My brother was diagnosed with ADHD in university. Growing up I remember the arguments that would take place about his schoolwork as people felt he was not putting in the effort. It damaged his relationships with our parents and his teachers as they just thought he was being lazy and stubborn. The truth we later found out after the support of his doctor and an educational psychologist was that he has a neurodevelopmental difference. That awareness helped those around him understand that his choices were not out of defiance or lack of comprehension. It helped him feel more comfortable with who he was and find more effective strategies to help him work through his challenges. It also helped him identify some of his strengths – hyper-focus, resilience, creativity, and spontaneity. I just wish, for his sake, that he had had that information sooner to save him the years of himself and others around him not really understanding his needs.
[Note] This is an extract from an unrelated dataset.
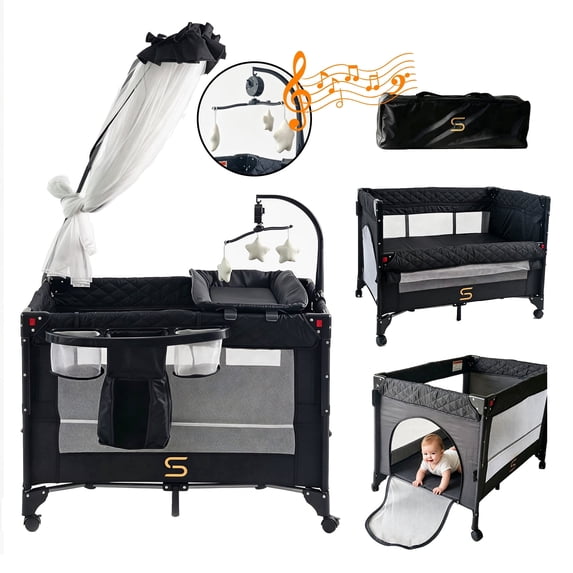 Steanny Pack and Play, Playard with Bassinet Foldable Bedside Sleeper with 4wheels,Changing Table,Mosquto Net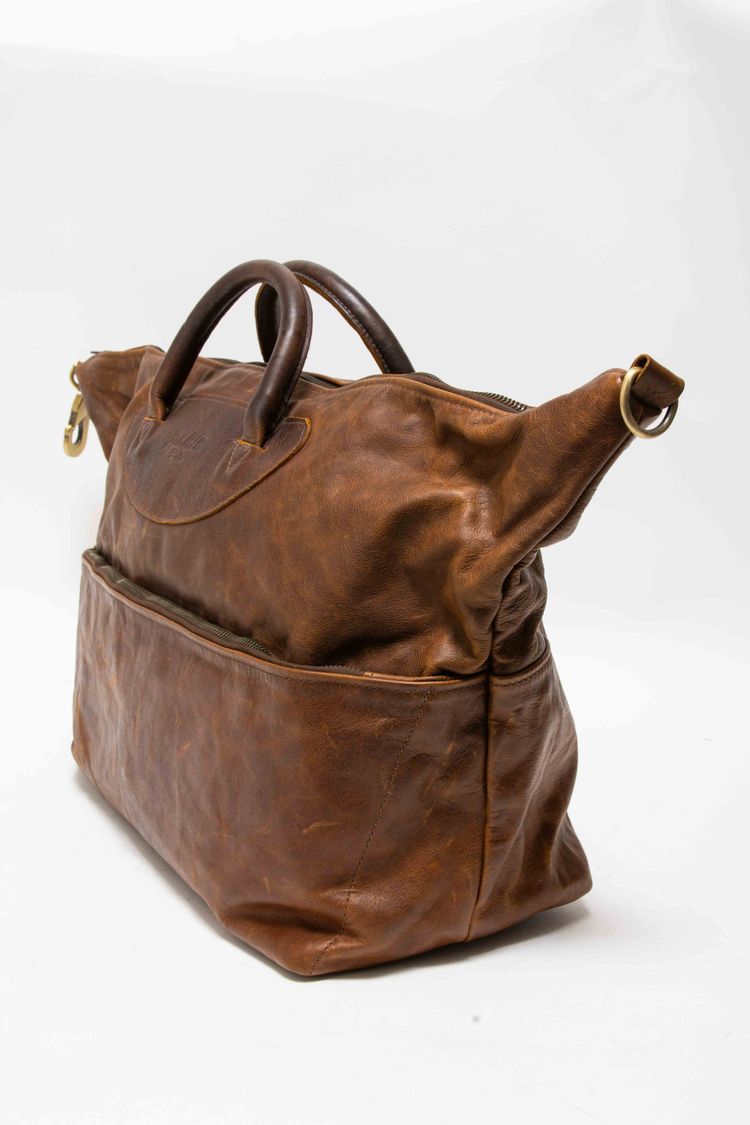 Jas M.B. London Handmade Distressed Tan Leather Wings Traveller Duffle Bag obraz 11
There were some pretty negative assumptions and comments about why he was behaving in certain ways, especially around school.

Working as a school counsellor, I often find myself speaking with families about outside support, whether it be therapeutic counselling or an evaluation by an educational psychologist. While counselling support is more understood globally, an evaluation by an educational psychologist may not be. It is a relatively new concept in many parts of our world. This conversation can be scary for families, especially if one does not fully understand how these services are a support to help rather than a judgement. The report from an educational psychologist helps develop a profile of a person as a learner based on observations and assessment tools. They often highlight areas of strength, areas needing support, and recommendations to help people achieve their true potential. The individual, their family, and school then take this information and develop plans to better support their learning and development.

These kinds of services are suggested not because the person is weak, but to promote understanding of challenges and implementation of the most effective support strategies. They are not to put a label on someone or imply something is broken. My brother is not defined by his ADHD. It is a challenge and a strength. The information helps him understand himself better and find strategies more easily when he is faced with a challenge. It offers him a better understanding of who he is. Elon Musk, Forbes’ 2022 richest person in the world, has obviously found success and has a diagnosis of Autism Spectrum Disorder. He credits a portion of his success to his hyper-focus on areas of interest (technology and physics), a behavioural characteristic of Autism. He understands that Autism is a contributing factor to his success rather than a weakness.

In writing this article, I asked my brother for permission to share his story and what he would want shared based on his experience. I will leave you with his thoughts: “The diagnosis does not change who you are. If it can help you get what you need and have yourself and others understand you better, great. If it does not, or if what a proper assessment is for you changes, then you can always reassess yourself and have others help you reassess to find what is right.”